IBM’s Unstructured Information Management Patent

What are the differences between enterprise search and web search? Will developments in enterprise search someday enable search engines to be created that might index the web as well, or better than present web search engines?

IBM was granted a patent today on their Unstructured Information Management Architecture, which was made available to open source developers last summer. Sourceforge has more information about the open source nature of UIMA, as does IBM. IBM recently decided to move this open source development over to Apache.

Unstructured Information Management was the subject of an IBM Systems Journal in 2004, which contains some detailed articles on the topic. One by A. Z. Broder and A. C. Ciccolo is highly recommended, if you would like to get a grasp of the potential of this approach to indexing unstructured information – Towards the next generation of enterprise search technology. It describes some of the differences between enterprise search and web search, and provides summaries of the other articles in the issue. I found this snippet interesting:

The field of UIM may come full circle: while the unstructured search paradigm on the Web exploded in the consumer sphere before being adopted in the enterprise, we believe that the combination of semantic and linguistic annotations with unstructured search will follow the more conventional path of first being developed in the enterprise sphere before becoming pervasive in the Web world.

Both authors are also listed amongst the co-inventors on the newly granted patent, and Dr. Broder is now at Yahoo!

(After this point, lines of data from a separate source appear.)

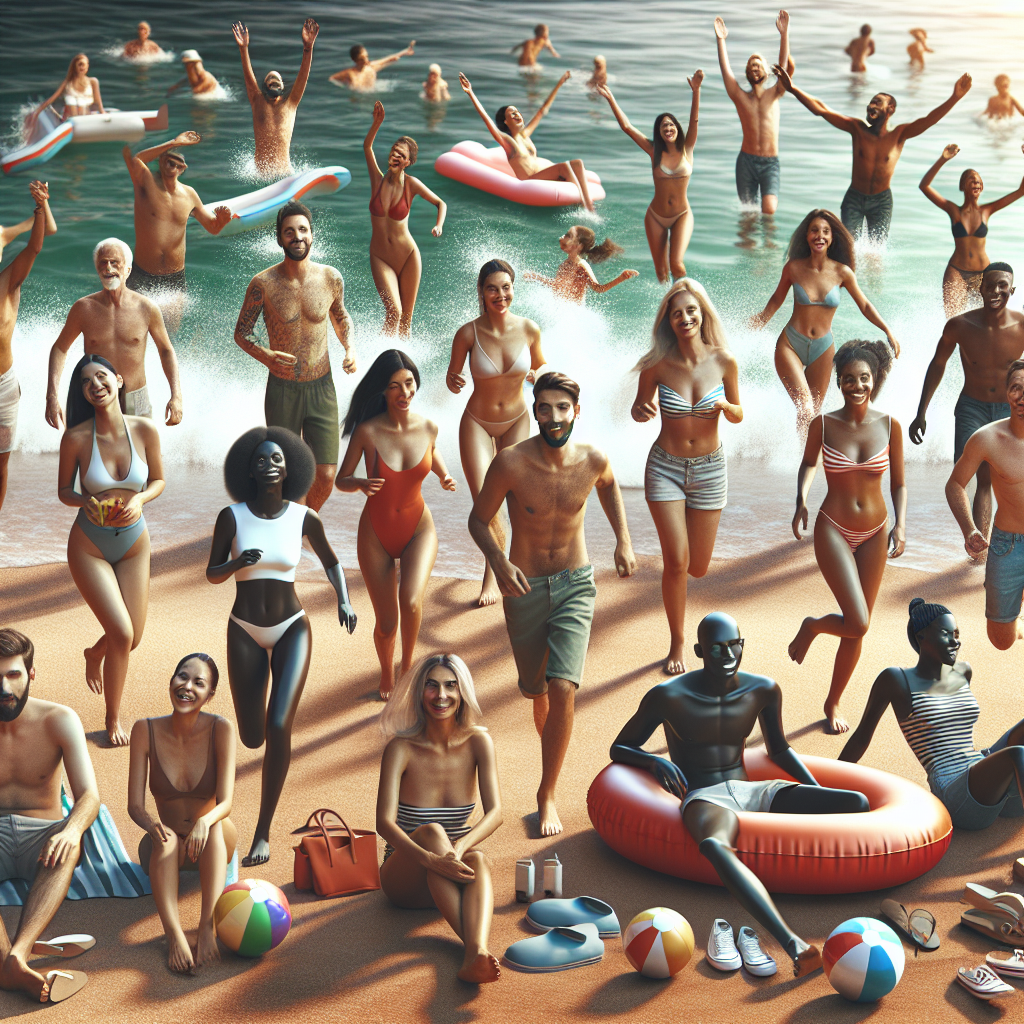 海が好きな人は「整えるのが上手」なことが多いんですね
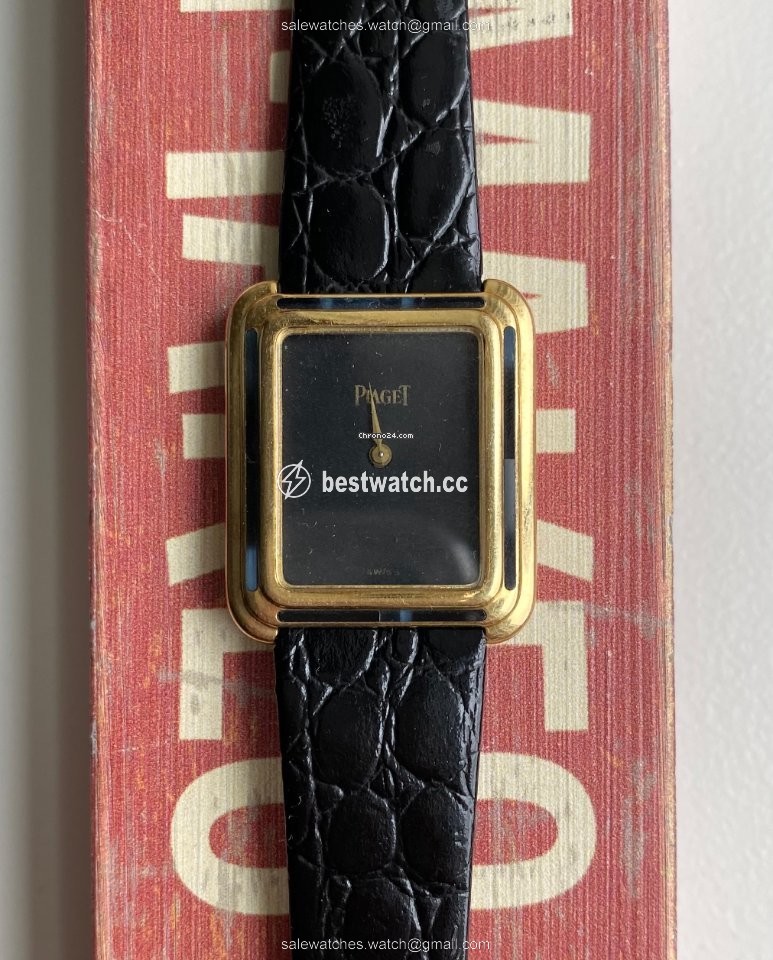 IMG_9086 Piaget Mens watch Unisex Manual winding Yellow gold Piaget 74108 3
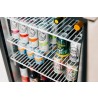TrueFlame 5.3 Cu. Deluxe Outdoor Rated Fridge - Trey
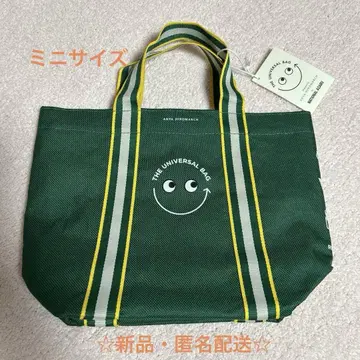 안야 힌드마치 x 내셔널 아자부 콜라보 유니버설 백 미니 사이즈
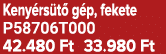 Keny rs t g p, fekete P58706T000 42.480 Ft 33.980 Ft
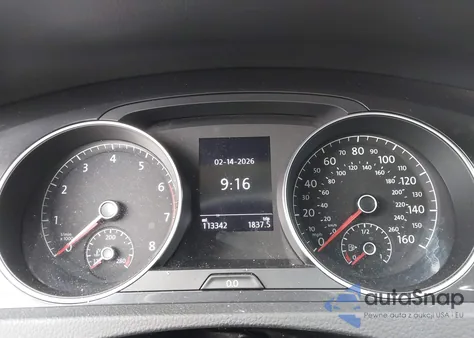 2018 Volkswagen Golf Sportwagen Tsi S/Tsi Se z USA, uszkodzony, nr VIN 3VWD17AU3JM752795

Some information about the patent:

System, method and computer program product for performing unstructured information management and automatic text analysis, and providing multiple document views derived from different document tokenizations
Invented by Andrei Z Broder, David Carmel, Arthur C. Ciccolo, David Ferrucci, Yoelle Maarek, Yosi Mass, Aya Soffer, and Wlodek W. Zadrozny
Assigned to IBM
US Patent 7,139,752
Granted November 21, 2006
Filed May 30, 2003

Abstract

Disclosed is a system architecture, components and a searching technique for an Unstructured Information Management System (UIMS). The UIMS may be provided as middleware for the effective management and interchange of unstructured information over a wide array of information sources. The architecture generally includes a search engine, data storage, analysis engines containing pipelined document annotators and various adapters. The searching technique makes use of a two-level searching technique. Also disclosed is system, method and computer program product to process document data. The method includes inputting a document and operating at least one text analysis engine that comprises a plurality of coupled annotators for tokenizing document data for identifying and annotating a particular type of semantic content. Operating the at least one text analysis engine generates a plurality of views of a document, where each of the plurality of views are derived from a different tokenization of the document. The method further includes storing the plurality of views in a common data structure associated with the document.

While IBM initially developed this technology, the release of some or all of it to open source developers is interesting in that it may help spur growth of this unstructured information management architecture.

One person behind this research, Dr. Broder, is now with Yahoo, and another, Dr. Maarek, now heads Google’s Haifa research center. It’s possible that ideas developed while this architecture was created are amongst those being considered while both search engines move towards the future.

Will technology developed first in the enterprise field overtake that developed on the web, or merge with it? It’s possible.